» THE PROBLEM:
Using the material below, print a verbatim copy of every line from the one containing "Red Rock Crystal" through the one containing "1h可退 美国直邮alaia 女士 红色皮革肩包 AA1L1012CA214斜挎包", inclusive, and omit the pictures.

» DATASET CONTENT:
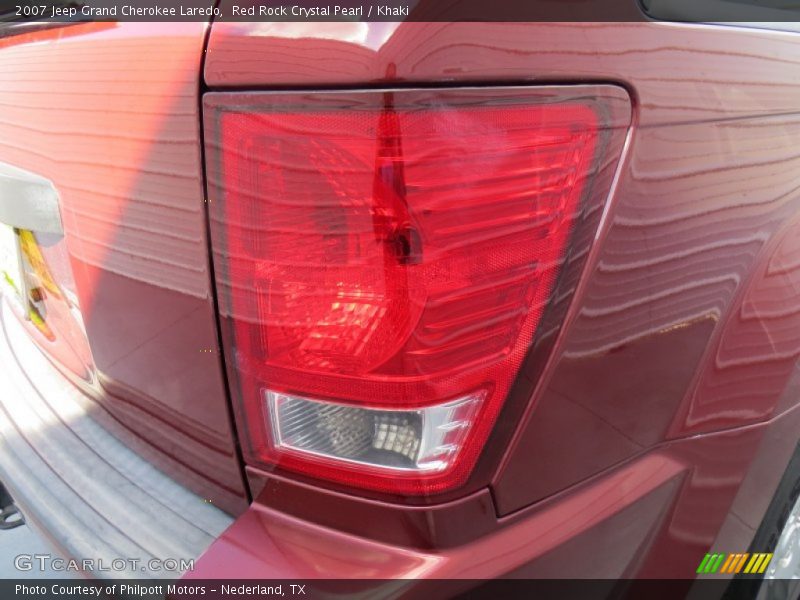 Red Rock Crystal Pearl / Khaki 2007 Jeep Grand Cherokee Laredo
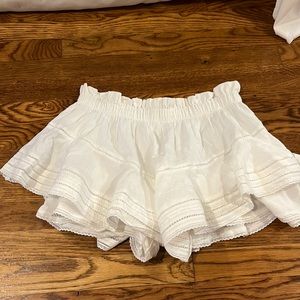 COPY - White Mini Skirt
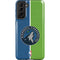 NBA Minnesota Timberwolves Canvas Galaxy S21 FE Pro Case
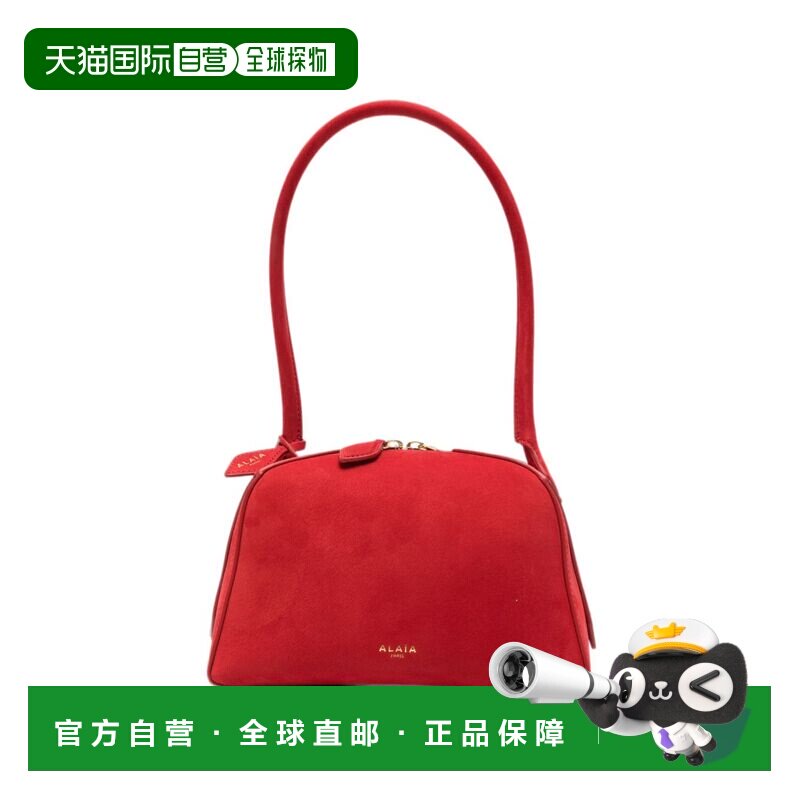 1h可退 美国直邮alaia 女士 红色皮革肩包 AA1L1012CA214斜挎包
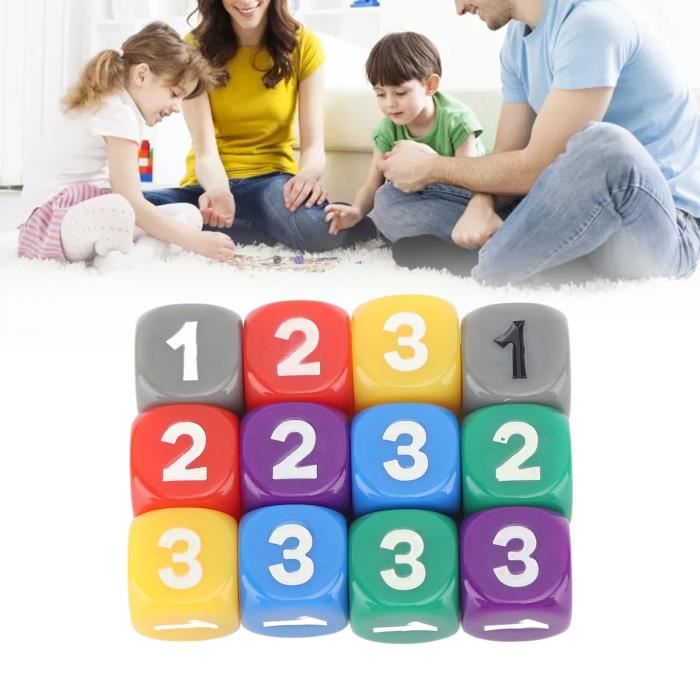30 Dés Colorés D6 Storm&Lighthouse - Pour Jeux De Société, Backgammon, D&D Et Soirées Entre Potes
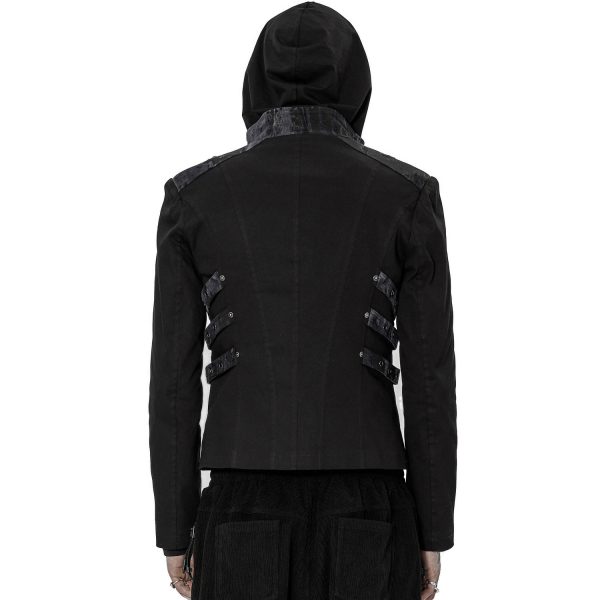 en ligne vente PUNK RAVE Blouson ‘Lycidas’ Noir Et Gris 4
* * *
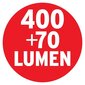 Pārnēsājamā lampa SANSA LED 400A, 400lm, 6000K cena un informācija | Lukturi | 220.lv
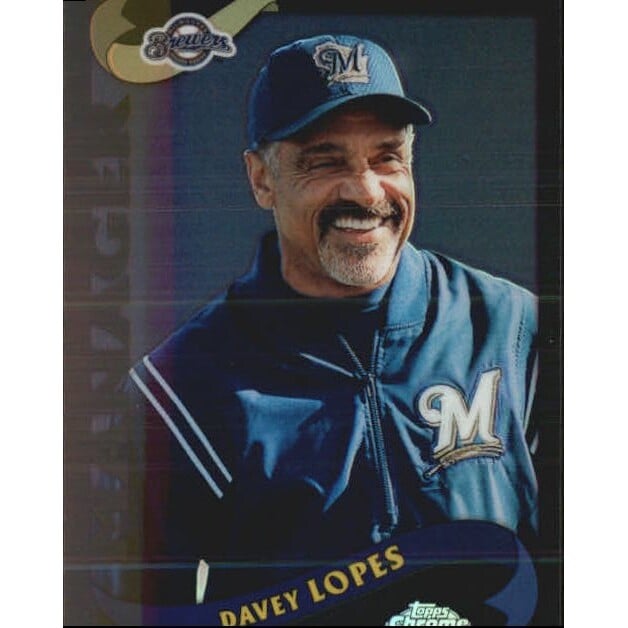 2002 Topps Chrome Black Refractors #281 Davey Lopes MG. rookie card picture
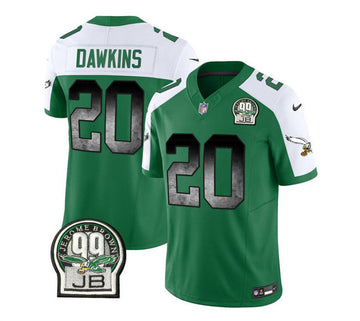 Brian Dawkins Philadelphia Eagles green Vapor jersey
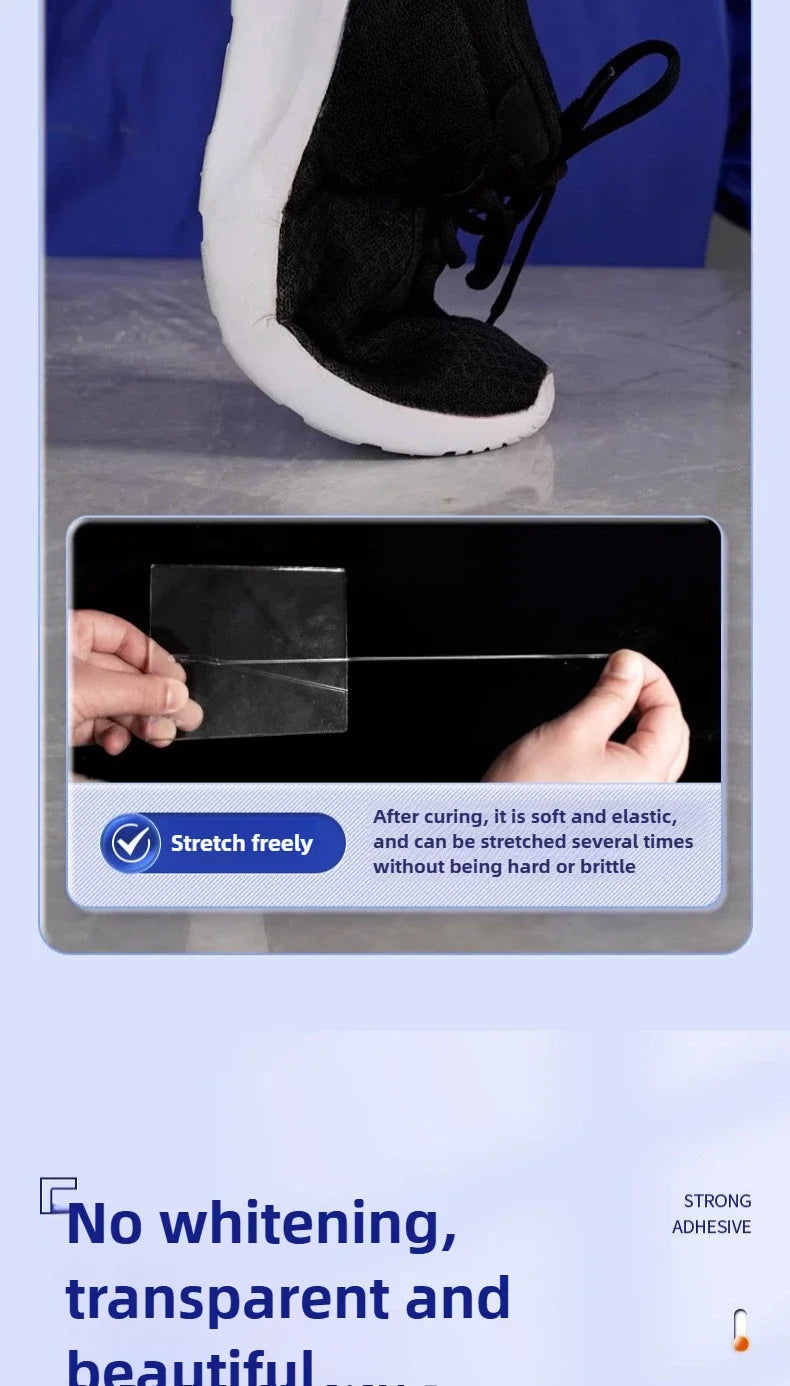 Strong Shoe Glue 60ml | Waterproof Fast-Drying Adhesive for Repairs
...
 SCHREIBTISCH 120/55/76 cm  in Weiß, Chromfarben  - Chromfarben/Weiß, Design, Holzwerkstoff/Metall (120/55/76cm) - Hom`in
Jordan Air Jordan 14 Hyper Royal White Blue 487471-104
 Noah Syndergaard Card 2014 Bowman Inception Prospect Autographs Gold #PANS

» TASK RESPONSE:
 Red Rock Crystal Pearl / Khaki 2007 Jeep Grand Cherokee Laredo
 COPY - White Mini Skirt
 NBA Minnesota Timberwolves Canvas Galaxy S21 FE Pro Case
 1h可退 美国直邮alaia 女士 红色皮革肩包 AA1L1012CA214斜挎包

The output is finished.